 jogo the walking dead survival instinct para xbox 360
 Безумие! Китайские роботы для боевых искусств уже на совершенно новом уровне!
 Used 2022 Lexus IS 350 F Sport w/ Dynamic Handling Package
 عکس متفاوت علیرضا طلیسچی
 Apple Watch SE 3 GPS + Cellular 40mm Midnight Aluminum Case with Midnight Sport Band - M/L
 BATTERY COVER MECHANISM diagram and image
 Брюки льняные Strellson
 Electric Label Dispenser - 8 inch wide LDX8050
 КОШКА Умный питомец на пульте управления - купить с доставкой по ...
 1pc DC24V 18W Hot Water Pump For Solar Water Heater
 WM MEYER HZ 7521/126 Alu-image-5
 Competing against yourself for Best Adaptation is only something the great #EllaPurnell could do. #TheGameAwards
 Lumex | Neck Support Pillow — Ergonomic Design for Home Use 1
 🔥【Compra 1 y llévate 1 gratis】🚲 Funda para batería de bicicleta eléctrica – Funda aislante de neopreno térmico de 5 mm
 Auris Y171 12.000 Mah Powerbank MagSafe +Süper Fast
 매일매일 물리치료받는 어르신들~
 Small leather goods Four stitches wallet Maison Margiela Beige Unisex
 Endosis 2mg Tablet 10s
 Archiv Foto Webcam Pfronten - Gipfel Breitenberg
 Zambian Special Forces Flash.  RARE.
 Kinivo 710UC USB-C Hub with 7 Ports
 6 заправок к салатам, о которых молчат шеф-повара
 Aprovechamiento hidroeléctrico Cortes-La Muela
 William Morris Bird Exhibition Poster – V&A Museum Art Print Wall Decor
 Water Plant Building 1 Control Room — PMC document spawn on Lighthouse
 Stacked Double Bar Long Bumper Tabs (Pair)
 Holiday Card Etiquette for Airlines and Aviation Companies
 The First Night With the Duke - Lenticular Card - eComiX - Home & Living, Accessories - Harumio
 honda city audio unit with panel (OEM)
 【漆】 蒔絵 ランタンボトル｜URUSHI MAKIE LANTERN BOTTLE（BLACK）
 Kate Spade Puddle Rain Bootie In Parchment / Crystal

****************************************

_TASK BRIEF:_ Beginning at the top of the data, please return every line until and including the line containing "عکس متفاوت علیرضا طلیسچی", copied exactly, and nothing past it.

_ANSWER TO THE EXERCISE:_
 jogo the walking dead survival instinct para xbox 360
 Безумие! Китайские роботы для боевых искусств уже на совершенно новом уровне!
 Used 2022 Lexus IS 350 F Sport w/ Dynamic Handling Package
 عکس متفاوت علیرضا طلیسچی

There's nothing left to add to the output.